Among many of Rhoda’s former comrades from South Africa’s “struggle,” her pro-Israel view was an even greater mystery than her support for Donald Trump.

Some blamed her Jewish, right-wing, Zionist son-in-law (i.e. this author), but in fact her stance long preceded that relationship.

When asked directly about the source of her support for Israel, Rhoda would often cite her Christian upbringing. But that alone was not the reason.

While Rhoda nurtured a deep commitment to her faith, she was not inclined to let it dictate her political views. She argued for abortion rights (though she later opposed late-term abortion); she pushed for women to be ordained as ministers; and she championed gay and lesbian rights within the church at a time when doing so was radical.

What might be said is that Rhoda’s deeply-rooted, positive view of Israel as the Holy Land probably made her less inclined to follow the rest of the left as it began to abandon its once sympathetic approach to Israel as a refuge for persecuted Jews, and instead to embrace the fallacy of Israel as a settler-colonialist state akin to apartheid South Africa itself.

Rhoda’s pro-Israel views first emerged as a reaction to antisemitism, and then in reaction to the post-apartheid government’s self-defeating obsessions.

Rhoda began to speak out publicly about the issue in the late 1990s, as a member of South Africa’s Human Rights Commission, when anti-Israel radicals began to make their presence felt in Cape Town and throughout the country.

After demonstrators marched to the Israeli consulate in 1997 chanting “one Zionist, one bullet,” she warned that such slogans “openly incite racial hatred and violence,” even if organizers might claim they were only against “Zionists” and not Jews.

She also spoke out against antisemitic violence, after Jewish institutions and even residential homes were targeted by anti-Israel and Islamist radicals.
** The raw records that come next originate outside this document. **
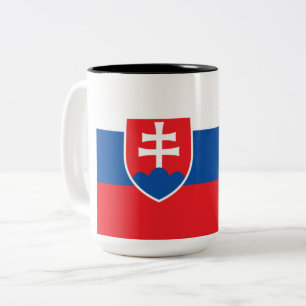 Caneca De Café Em Dois Tons Bandeira da Eslováquia
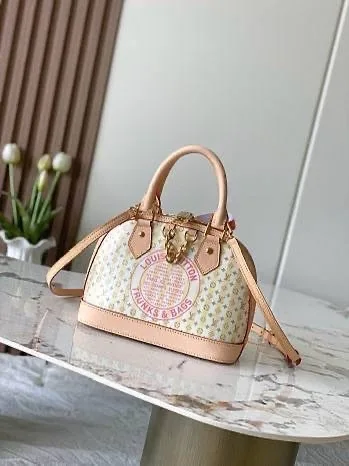 LOUISVUITTON, сумка из ткани и натуральной кожи — фото 4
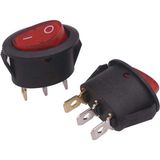 Fantom Çay Saati Cy 1100 Çay Makinesi Anahtar,düğme Oval Işıklı On/off Anahtar 3 Pin Uyumlu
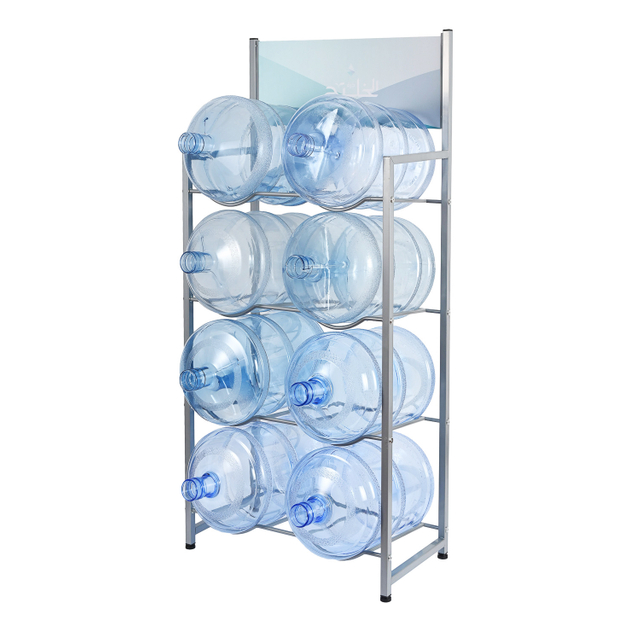 Metal Cradle for Bottled Water - Advertising board type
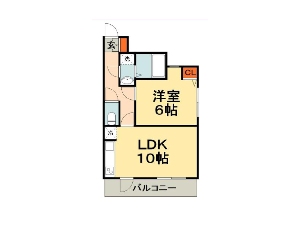 モンブルー 船橋 賃貸マンション 間取図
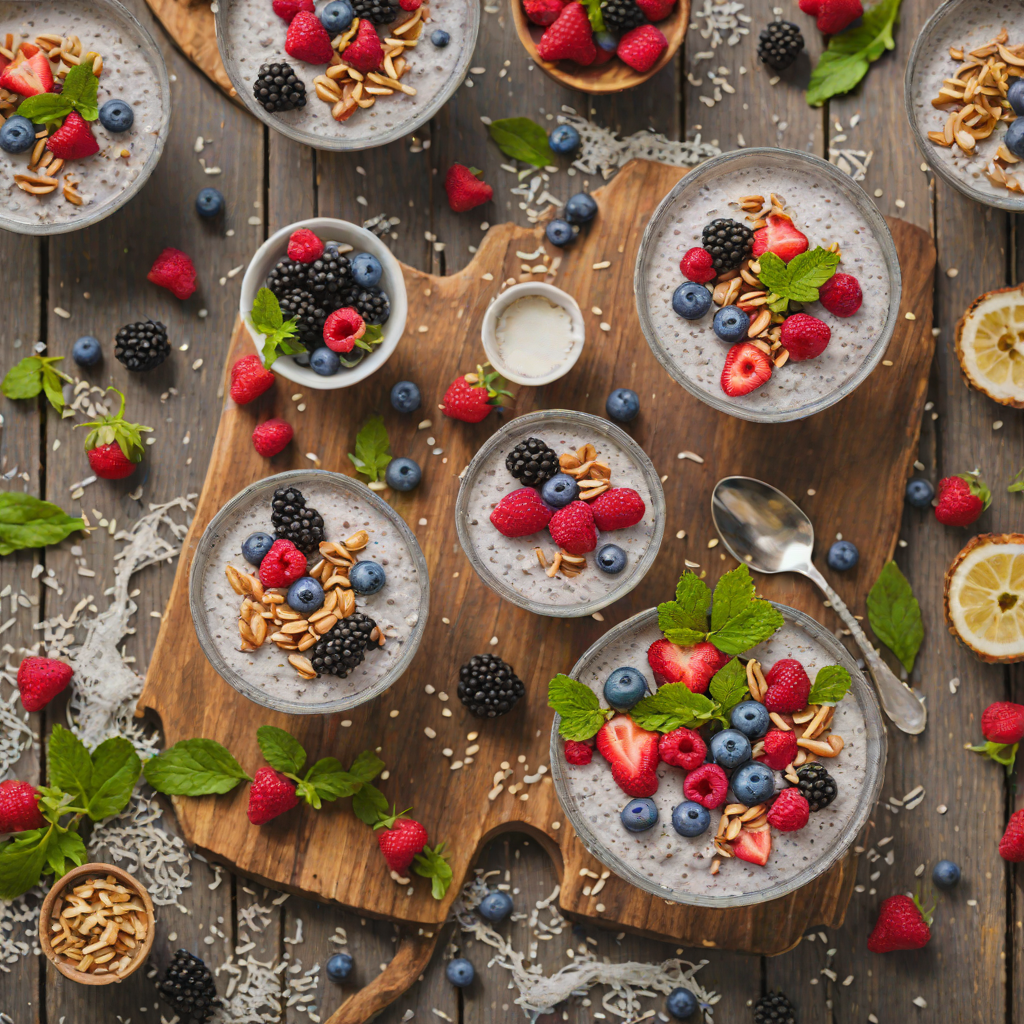 No-Bake Berry Chia Pudding with Coconut Milk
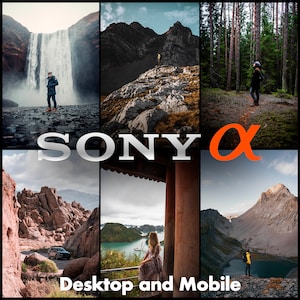 16 SONY Alpha Lightroom Presets, Desktop and Mobile Presets, Moody Preset, Instagram, Adventure Presets, Outdoor, Nature, Travel Influencer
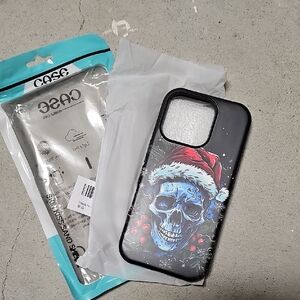 Nwt Black Skull Santa IPhone 16 Pro Case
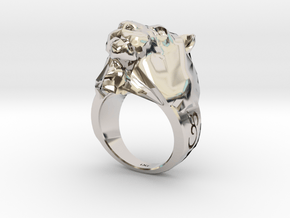 Lion Ring - iXi Design - Fashion Rings - Size 7 in Platinum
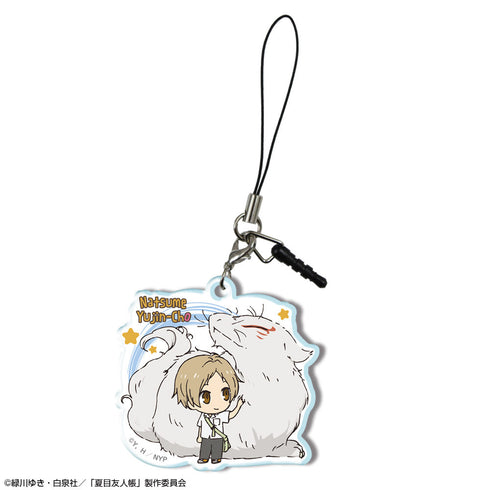 『夏目友人帳』アクリルイヤホンジャックアクセサリー Ver.2 デザイン08(夏目貴志&斑/B)【202602再販】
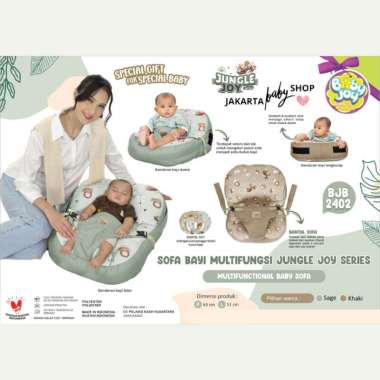 BABY JOY BANTAL SOFA MULTIFUNGSI JUNGLE JOY SERIES BJB2402 / Sofa bayi multifungsi / Sofa belajar du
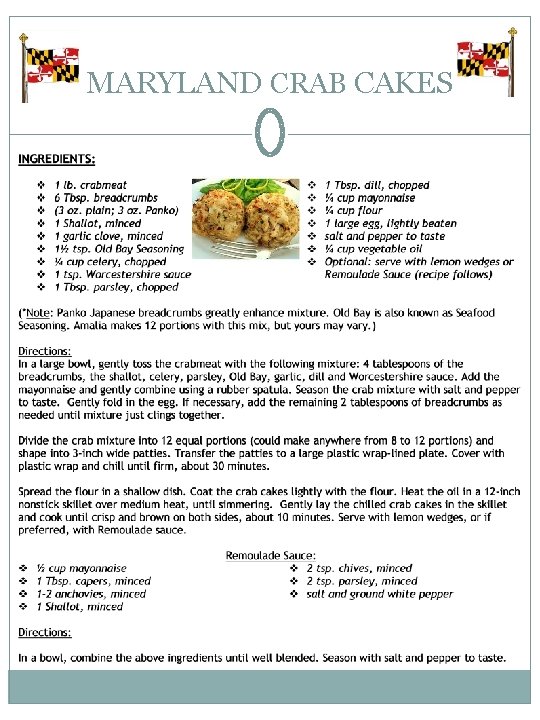 MARYLAND CRAB CAKES 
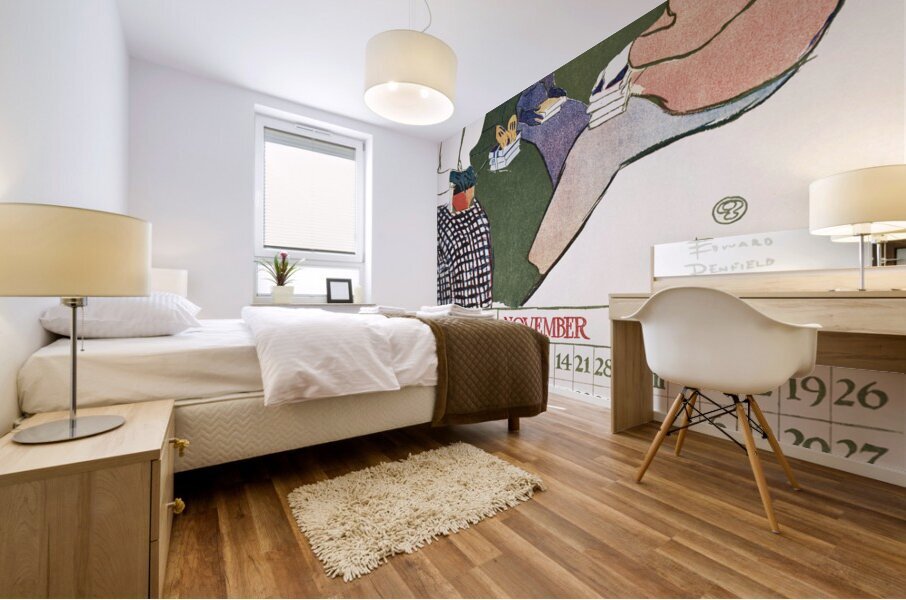 Vintage calendar 1897 by Edward Penfield Mural print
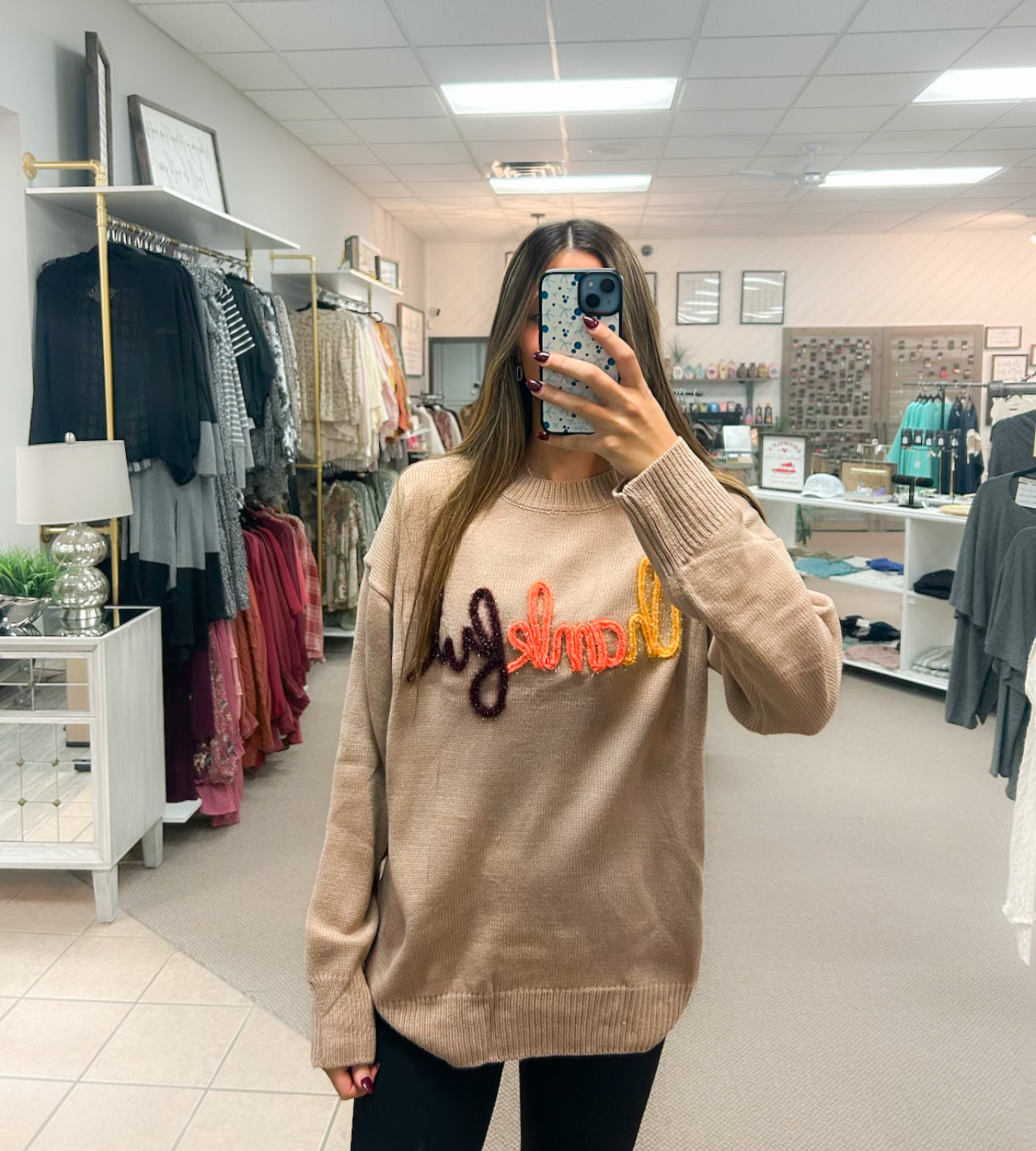 Thankful Knit sweater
She did not water down her objections to antisemitism, as some other South African public figures were later wont to do, with criticisms of Israel.

(Similarly, Rhoda’s grandfather, Clements Kadalie, the first black trade unionist in South Africa, also spoke out against antisemitism on the left in the 1930s, before it was fashionable to do so.)

Rhoda Kadalie at local government conference (Courtesy Pollak family)

Rhoda Kadalie at a local government conference in 2016 (Courtesy Pollak family)

Rhoda became more outspoken after the disastrous World Conference Against Racism in Durban in 2001, which anti-Israel organizations hijacked and turned into an antisemitic hatefest.

Concluding that the Durban conference had “generated more race hate than it mobilized against racism,” Rhoda began attacking the South African government’s growing obsession with Israel as a way to distract from its failures at home, and its bizarre policy of support for the Mugabe regime in Zimbabwe.

When Ronnie Kasrils, a communist and Jewish member of the South African cabinet, began urging fellow Jews to sign a petition opposing Israel in 2001, she dismissed his effort as a cynical tactic by the ruling party to court Muslim votes at home, and cultivate Arab states’ support for a seat on the UN Security Council.

Nothing rankled Rhoda more than hypocrisy, and she noted that Israel’s most vocal critics were usually silent about human rights abuses in Africa and the Muslim world.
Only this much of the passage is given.